*Data extract*
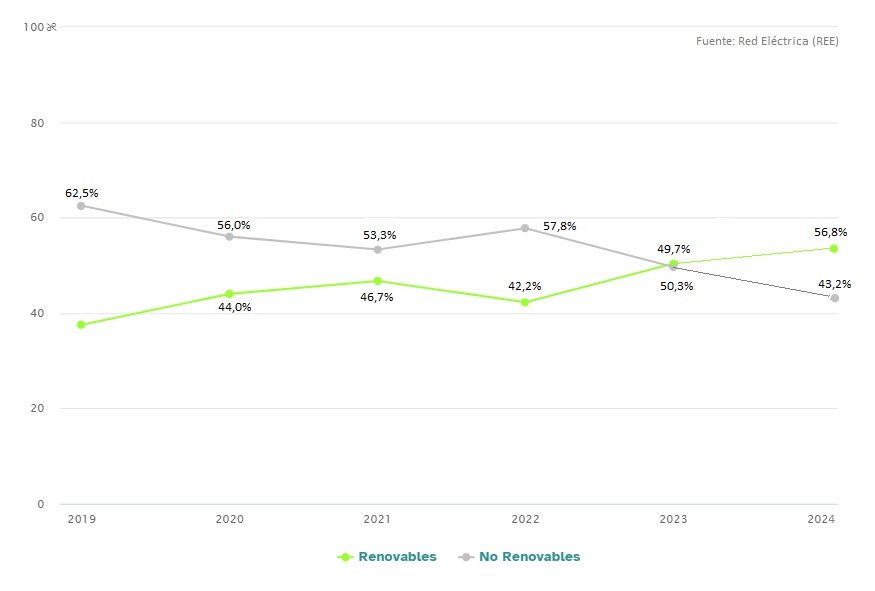 Evolución de la generación renovable y evolución de la generación sucia (nuclear, gas y combustibles fósiles) a lo largo de los últimos seis años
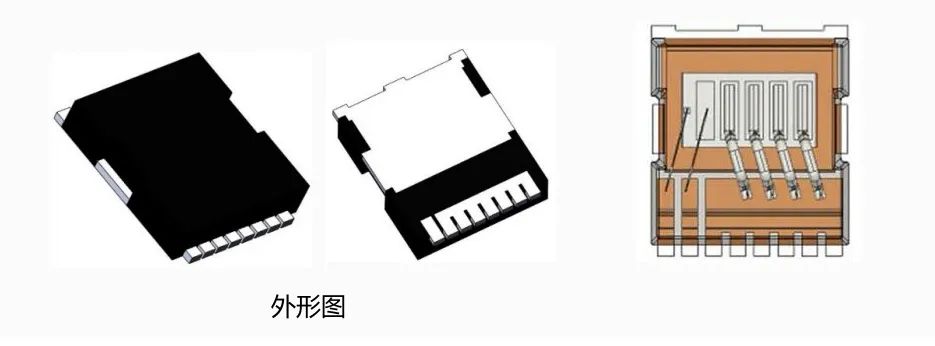 TOLL<b class='flag-5'>封裝</b><b class='flag-5'>功率</b><b class='flag-5'>器件</b>的優(yōu)勢(shì)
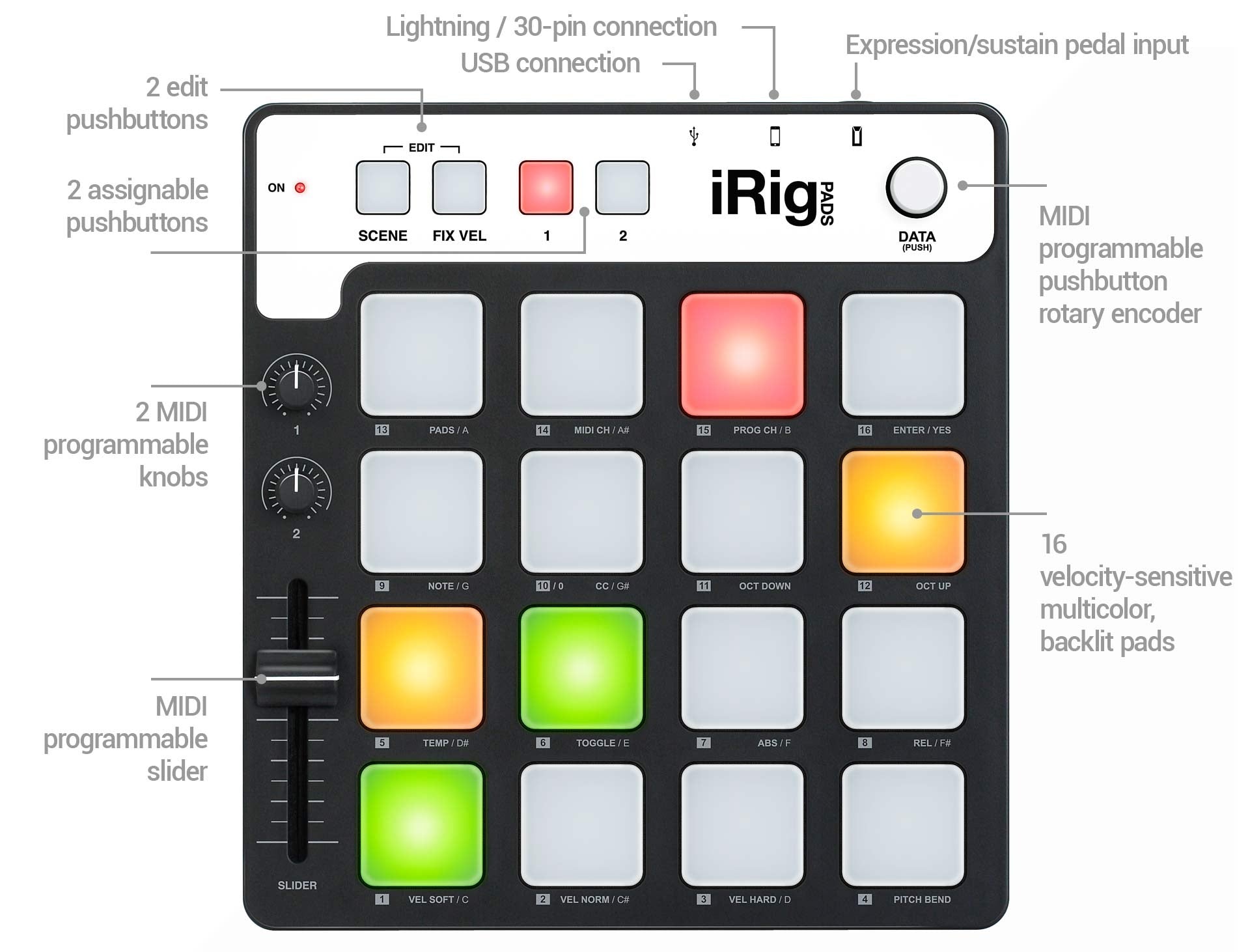 IK Multimedia iRig Pads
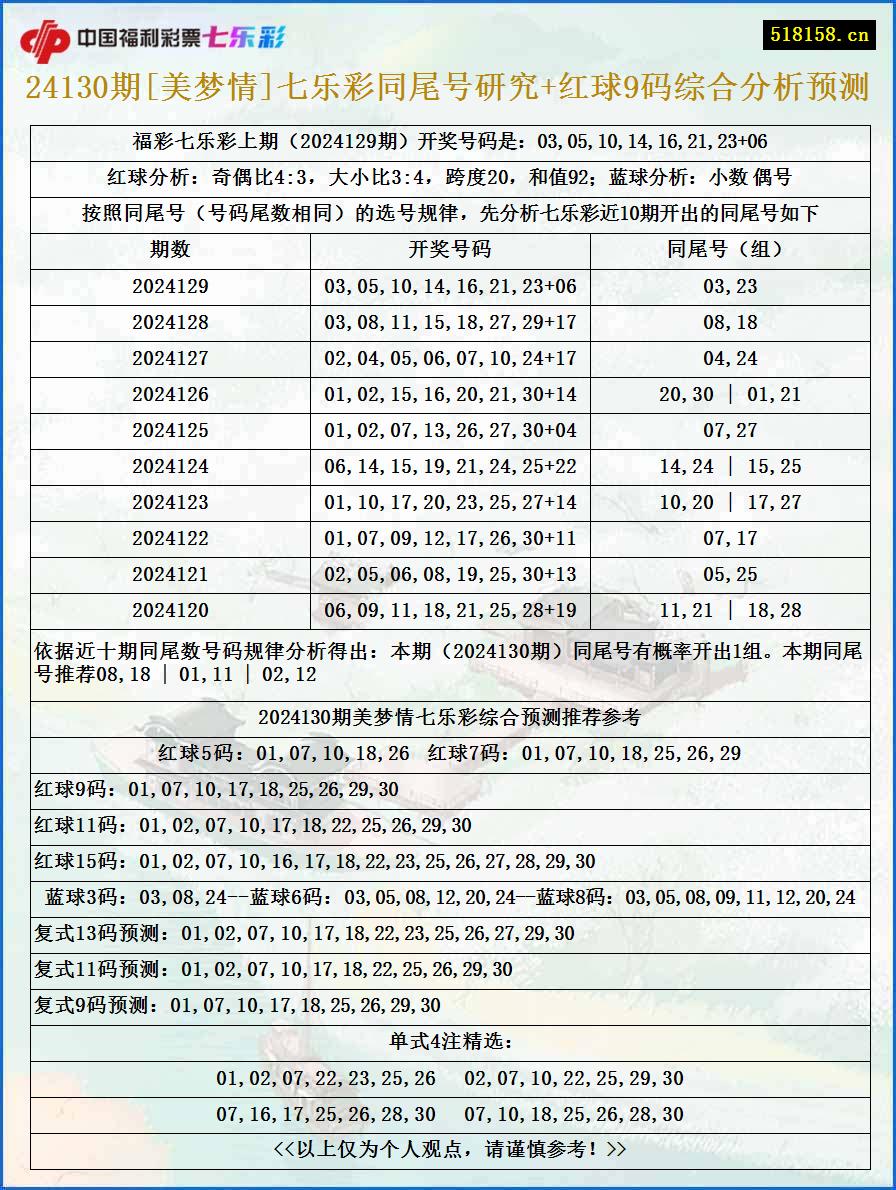 24130期[美梦情]七乐彩同尾号研究+红球9码综合分析预测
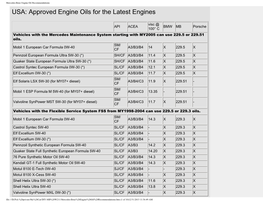 Mercedes-Benz Engine Oil Recommendations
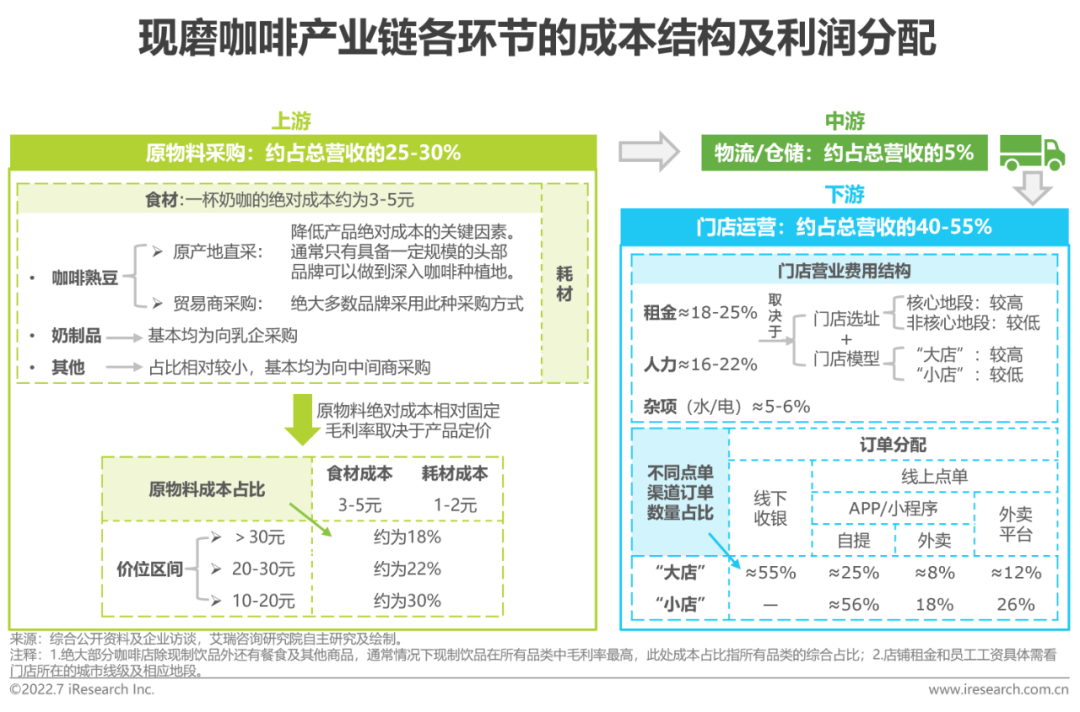 广告人干货库 2022年中国现磨咖啡行业研究报告-广告人干货库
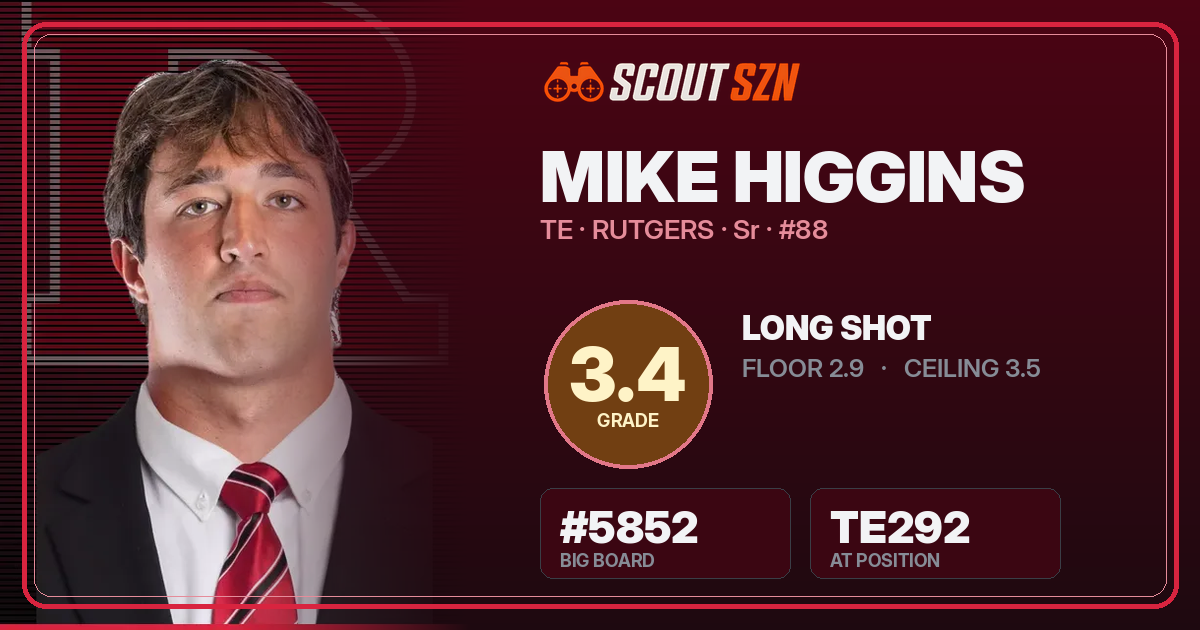 Share card for Mike Higgins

*Work task*
Could you copy the listing above exactly, without its pictures?

*Solution to this task*
 Evolución de la generación renovable y evolución de la generación sucia (nuclear, gas y combustibles fósiles) a lo largo de los últimos seis años
 TOLL<b class='flag-5'>封裝</b><b class='flag-5'>功率</b><b class='flag-5'>器件</b>的優(yōu)勢(shì)
 IK Multimedia iRig Pads
 24130期[美梦情]七乐彩同尾号研究+红球9码综合分析预测
 Mercedes-Benz Engine Oil Recommendations
 广告人干货库 2022年中国现磨咖啡行业研究报告-广告人干货库
 Share card for Mike Higgins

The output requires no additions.